Die krankenversicherung rentner (KVdR) ist keine eigene Krankenkasse, sondern ein besonderer Versicherungsstatus innerhalb der gesetzlichen Krankenversicherung. Laut Deutscher Rentenversicherung bleiben Sie auch im Ruhestand Mitglied Ihrer bisherigen Krankenkasse, zum Beispiel der AOK, TK oder einer Betriebskrankenkasse. Die KVdR ist für Rentnerinnen und Rentner finanziell besonders vorteilhaft, weil die gesetzliche Rentenversicherung die Hälfte der Krankenversicherungsbeiträge übernimmt.
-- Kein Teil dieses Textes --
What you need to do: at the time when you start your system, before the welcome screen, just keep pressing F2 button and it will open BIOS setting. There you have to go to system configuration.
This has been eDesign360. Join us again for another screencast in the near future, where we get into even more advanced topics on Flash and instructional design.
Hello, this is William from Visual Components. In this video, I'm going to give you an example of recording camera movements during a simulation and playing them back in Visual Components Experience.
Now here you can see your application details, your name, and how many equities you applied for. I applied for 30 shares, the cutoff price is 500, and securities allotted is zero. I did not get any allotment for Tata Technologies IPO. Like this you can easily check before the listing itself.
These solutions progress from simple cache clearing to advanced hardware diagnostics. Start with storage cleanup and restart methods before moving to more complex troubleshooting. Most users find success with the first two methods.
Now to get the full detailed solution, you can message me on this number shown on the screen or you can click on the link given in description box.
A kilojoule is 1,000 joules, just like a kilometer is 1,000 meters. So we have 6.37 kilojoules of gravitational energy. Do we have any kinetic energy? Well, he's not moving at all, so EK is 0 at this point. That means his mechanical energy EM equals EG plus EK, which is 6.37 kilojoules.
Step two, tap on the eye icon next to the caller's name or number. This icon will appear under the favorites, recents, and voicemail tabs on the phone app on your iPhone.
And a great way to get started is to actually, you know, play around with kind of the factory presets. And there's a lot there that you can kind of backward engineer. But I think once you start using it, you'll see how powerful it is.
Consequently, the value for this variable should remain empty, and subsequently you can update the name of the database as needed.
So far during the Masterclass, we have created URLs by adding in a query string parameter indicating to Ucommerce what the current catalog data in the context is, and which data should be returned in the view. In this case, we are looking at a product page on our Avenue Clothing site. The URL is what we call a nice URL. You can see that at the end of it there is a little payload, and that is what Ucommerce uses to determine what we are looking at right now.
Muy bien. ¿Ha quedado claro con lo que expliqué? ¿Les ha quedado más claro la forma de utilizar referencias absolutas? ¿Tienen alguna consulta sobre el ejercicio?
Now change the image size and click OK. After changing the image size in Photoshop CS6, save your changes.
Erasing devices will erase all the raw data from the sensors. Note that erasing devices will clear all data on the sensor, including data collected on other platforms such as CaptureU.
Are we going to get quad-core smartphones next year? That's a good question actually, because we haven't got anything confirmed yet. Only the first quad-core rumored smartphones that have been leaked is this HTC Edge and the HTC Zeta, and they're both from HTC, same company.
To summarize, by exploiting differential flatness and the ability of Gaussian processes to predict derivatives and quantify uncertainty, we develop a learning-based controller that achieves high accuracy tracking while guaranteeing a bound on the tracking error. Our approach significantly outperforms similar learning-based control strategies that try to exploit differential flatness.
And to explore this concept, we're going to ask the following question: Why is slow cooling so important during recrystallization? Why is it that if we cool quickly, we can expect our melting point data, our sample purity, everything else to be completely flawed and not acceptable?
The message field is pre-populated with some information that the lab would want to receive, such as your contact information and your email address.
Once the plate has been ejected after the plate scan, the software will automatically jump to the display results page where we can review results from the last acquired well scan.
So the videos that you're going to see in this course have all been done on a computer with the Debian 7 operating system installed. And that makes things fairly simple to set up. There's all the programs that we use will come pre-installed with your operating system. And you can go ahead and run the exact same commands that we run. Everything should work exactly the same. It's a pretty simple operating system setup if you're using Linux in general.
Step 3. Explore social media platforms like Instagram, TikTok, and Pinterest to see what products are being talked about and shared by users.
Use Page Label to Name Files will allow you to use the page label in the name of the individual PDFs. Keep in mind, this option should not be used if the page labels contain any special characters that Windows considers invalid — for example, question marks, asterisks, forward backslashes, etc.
Der entscheidende Unterschied zur freiwilligen Versicherung liegt bei der Beitragsbemessung. Wer in der KVdR pflichtversichert ist, zahlt Beiträge nur auf bestimmte Einkommensarten: die gesetzliche Rente, Betriebsrenten und Einkünfte aus selbstständiger Tätigkeit. Mieteinnahmen, Kapitalerträge oder Einnahmen aus privaten Rentenversicherungen bleiben außen vor. Laut Finanztip ist genau diese Begrenzung der Bemessungsgrundlage (also der Einkommensarten, auf die Beiträge erhoben werden) der größte finanzielle Vorteil der KVdR gegenüber der freiwilligen Versicherung.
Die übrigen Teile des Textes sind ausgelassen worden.